The past couple months have been quite busy, so apologies for this super duper late roundup! I’ll be covering both April and May here, with June/July following later on in another double post
Some highlights:
In April I gave a lecture on horror and the internet for the Miskatonic Institute of Horror Studies, and it was so, so fun. If you’re interested in spooky academia I highly recommend keeping an eye on their programming: https://miskatonicinstitute.com/
I wrote about some beloved films over at Screen Slate
I chatted with the sci-fi film podcast They Came From Outer Space about Jonathan Glazer’s Under the Skin (2012)
If you’re reading this, thanks for coming along <3
FILMS
How to Blow Up A Pipeline (Daniel Goldhaber, 2023)
I’m still rather stunned that this movie (a) exists, and (b) got the release that it did. I know there’s been criticism of it from a couple leftist film critics, some of which I think is valid, some of which I think is ridiculous. All in all, it’s great that a movie that depicts such radical politics without equivocation saw a wide-ish release. Packaging the ideas in Malm’s original book in a wrapper of hot young actors and the conventions of a tense 70s political thriller is a-ok with me and makes for great propaganda. It’s an unapologetically ideological film that simultaneously doesn’t rest on idealism. Yes, the plot to blow up the pipeline succeeds (spoiler alert), but that doesn’t mean our heroes are off scott-free like Ocean’s Eleven. The closing montage takes us from terminal illness to surveillance; life keeps going and the individual consequences are coming. But as we see other people clad in all black on their way to sabotage yachts, it’s clear that other consequences are coming as well. Ultimately the key to How to Blow Up A Pipeline rests in the rupture that can happen in a single action, in a single day, in a single hour, that radiates outward in the socio-political fabric.

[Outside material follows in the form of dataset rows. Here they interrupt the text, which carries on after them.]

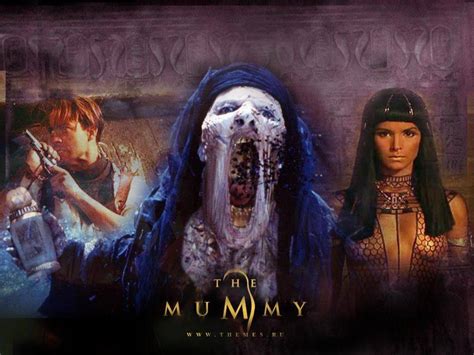Now he is only a myth…or is he? Download all Movie: The Mummy Returns Film (2001)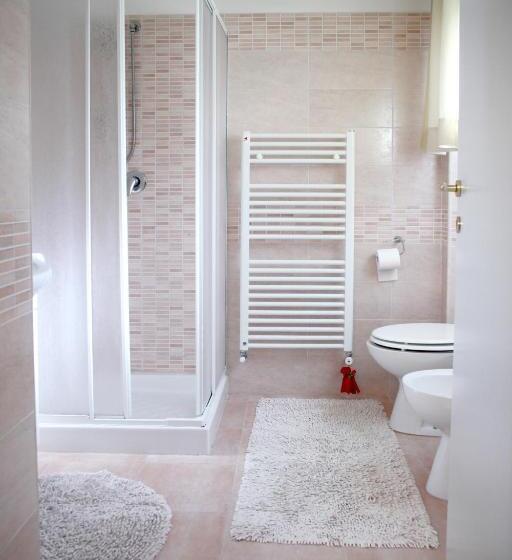 Villa Cecilia Bed And Breakfast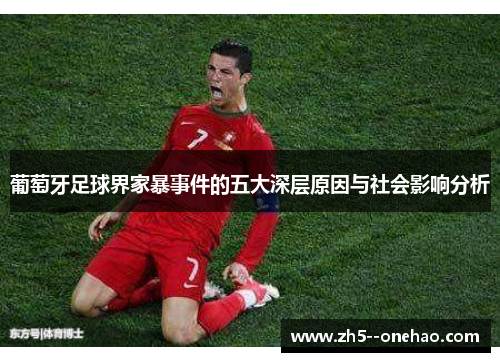 葡萄牙足球界家暴事件的五大深层原因与社会影响分析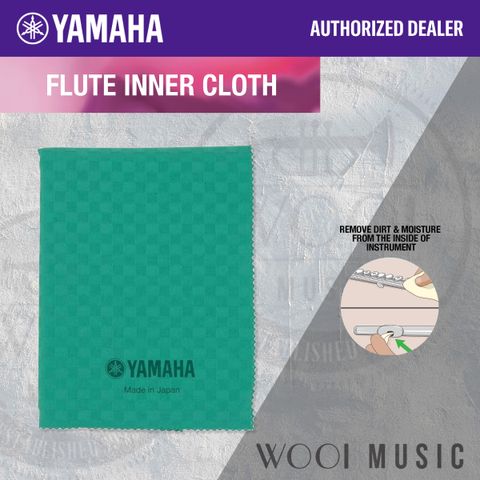 FLUTE INNER CLOTH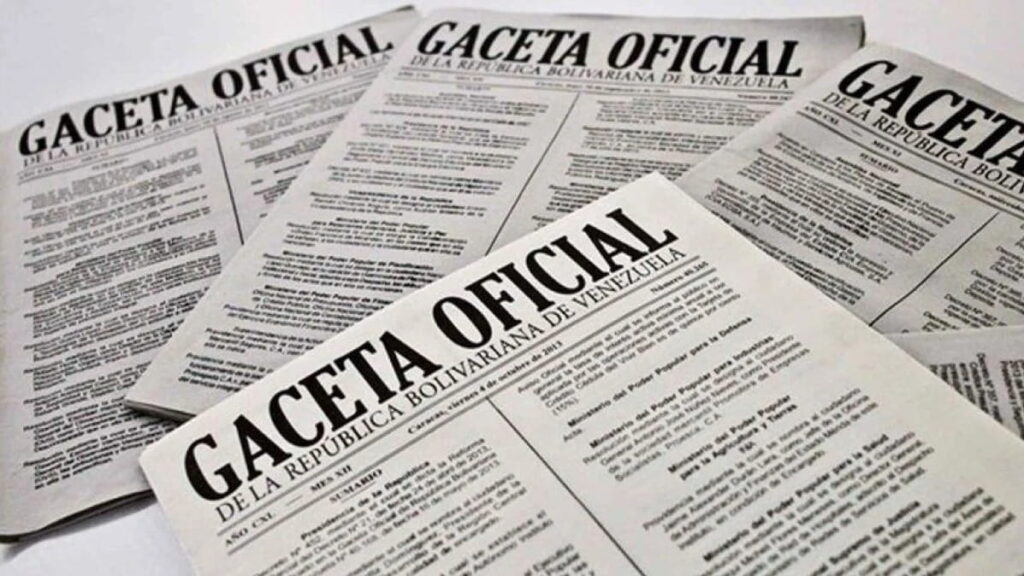 Oficializan aumento del pasaje urbano en Venezuela pasaje urbano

P.S. If you think characters like the punk couple getting so horny by property destruction that they need a quickie in the desert are ridiculous, you may be right, but unfortunately these people are very real in the young activist landscape, sorry!
There’s Always Tomorrow (Douglas Sirk, 1956)
I caught this at the beautiful National Gallery of Art theater in DC and what a treat it was. Apparently Sirk originally wanted to film There’s Always Tomorrow (which is adapted from the novel by Ursula Parrott) in color, but Universal refused. And while I’m a tremendous fan of Sirk’s trademark colorful melodrama, the black and white suits this film and its more emotionally restrained subject matter so well. Fred MacMurray is a successful toy designer with the perfect suburban family, thus the perfect life everyone wants on paper. His wife is dutiful and lovely, even if she is always likely to put the childrens’ needs and whims before him all the time. When an old friend played by Barbara Stanwyck, an independent successful woman in her own right, comes back into his life (and impresses his family as well) he begins to wonder about roads not taken. While the characters feel trapped by the expectations and conventions of adult life and marriage, there is constantly the inverse of that at play: the fragility of the whole deal, and just how easy it is for it all to fall apart if one person just stepped outside the door. By the end, that door is left shut, but that doesn’t change the fact that it was cracked open in the first place. Allegedly Sirk also wanted to end a very overtly symbolic shot of one of MacMurray’s toys, a plastic robot falling on the floor and spinning in circles, but the “nuclear family is intact and all is right with the world” coda that one assumes was the studio’s demand ironically creates a more haunting finale: a loyal wife who has no idea how close her husband was to leaving, a husband making a decision to continue performing his role, and their children’s innocence dashed. In the last 2 minutes the family basically steps into a different movie from the one they were actually in.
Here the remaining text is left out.